→ **WHAT THIS TASK INVOLVES**
Once the pictures are set aside, copy the data below exactly as it stands.
##### SOURCE DATA
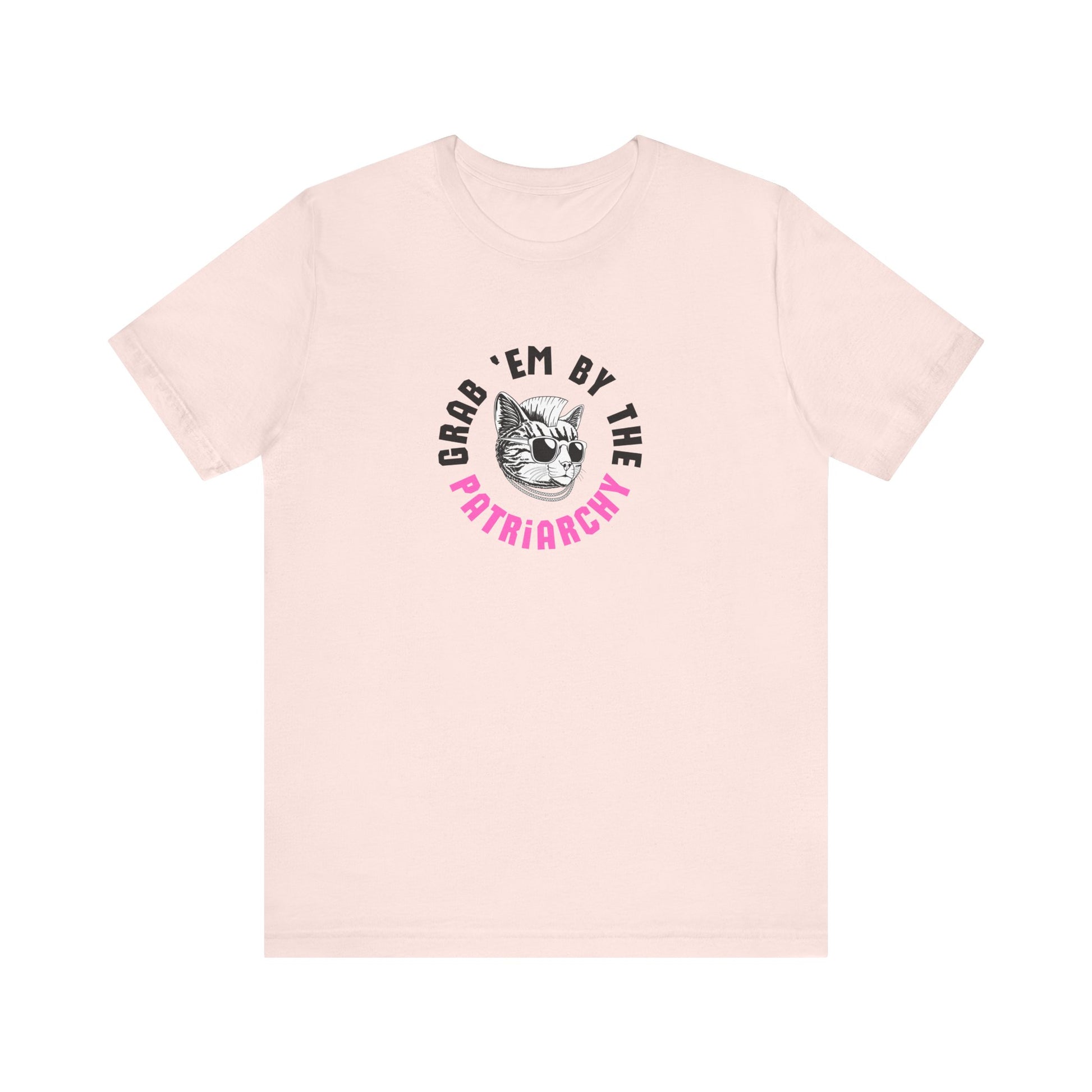 Pink t-shirt with punk rock graphic design and black and hot pink text "grab 'em by the patriarchy"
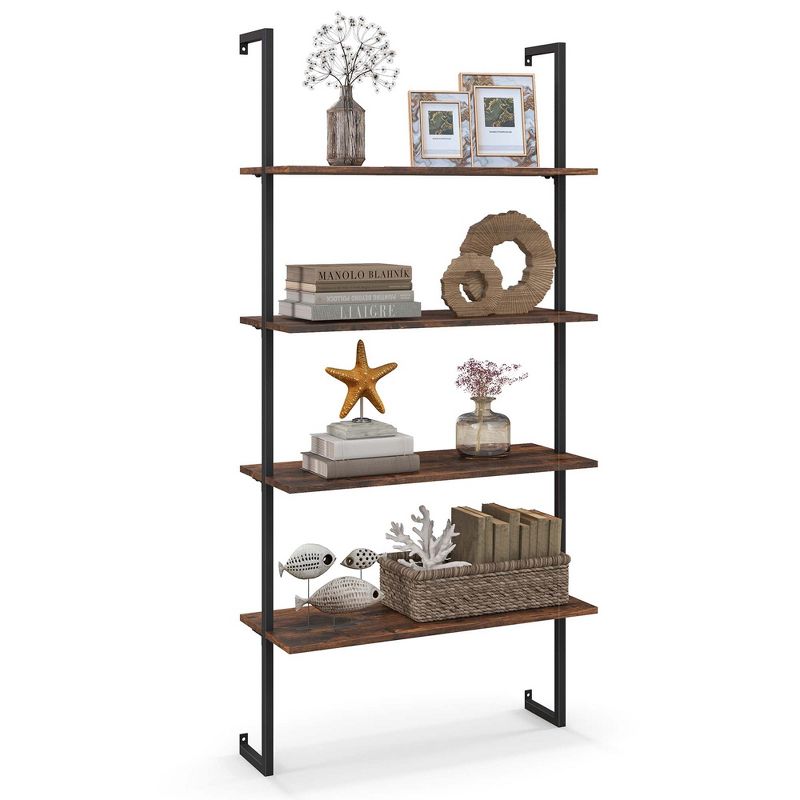 Costway 4-Tier Ladder Shelf Bookshelf Industrial Wall Shelf w/Metal Frame Rustic Brown, 1 of 11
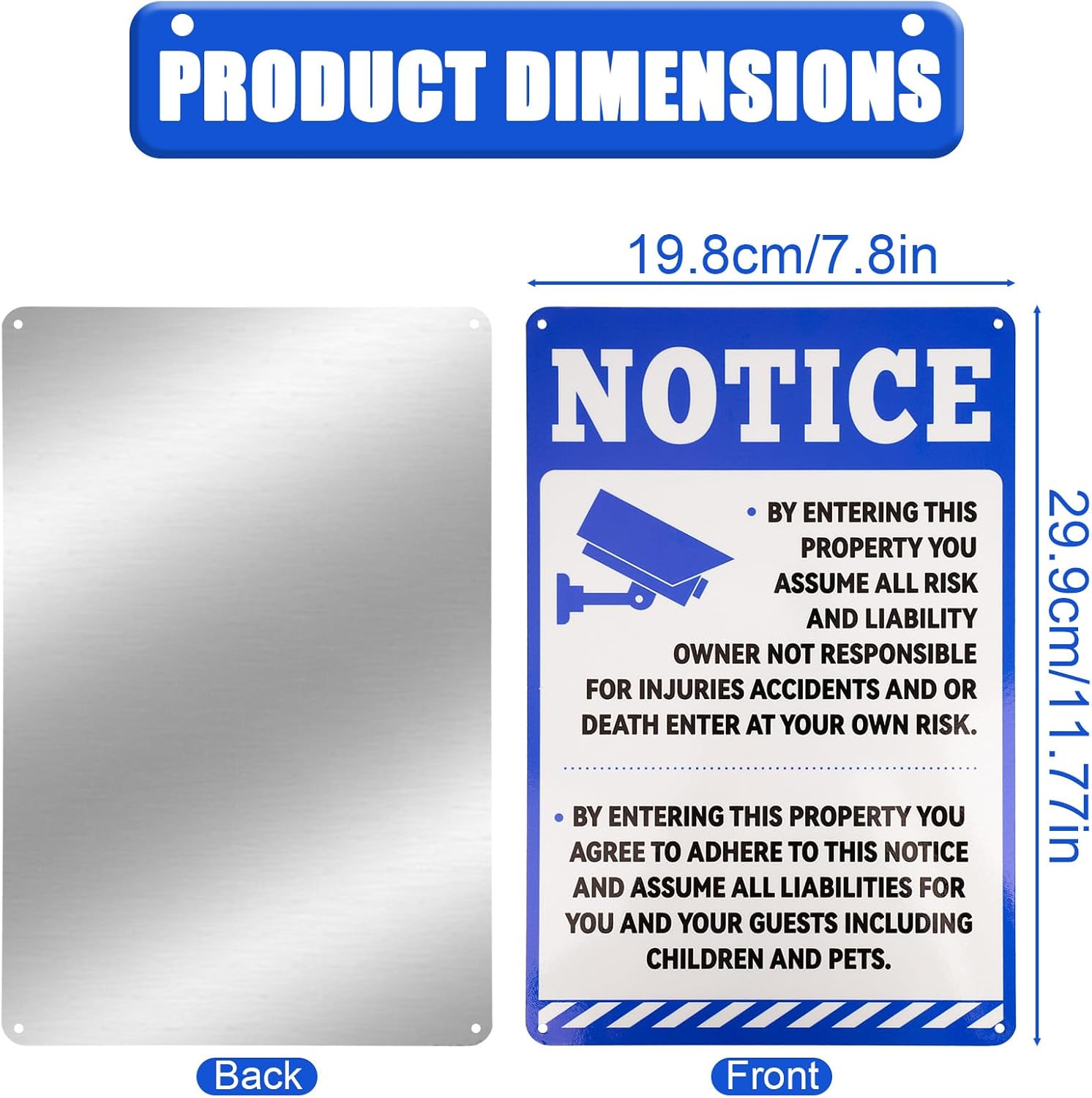 Not Responsible for Accidents or Injuries Sign, 30x20cm/11.8x7.8 Inch Aluminum Warning Sign with Mounting Holes Weatherproof Property Notice for Safety Liability Disclaimer Yard Business - Image 2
##########
→ **FINISHED TASK**
 Pink t-shirt with punk rock graphic design and black and hot pink text "grab 'em by the patriarchy"
 Costway 4-Tier Ladder Shelf Bookshelf Industrial Wall Shelf w/Metal Frame Rustic Brown, 1 of 11
 Not Responsible for Accidents or Injuries Sign, 30x20cm/11.8x7.8 Inch Aluminum Warning Sign with Mounting Holes Weatherproof Property Notice for Safety Liability Disclaimer Yard Business - Image 2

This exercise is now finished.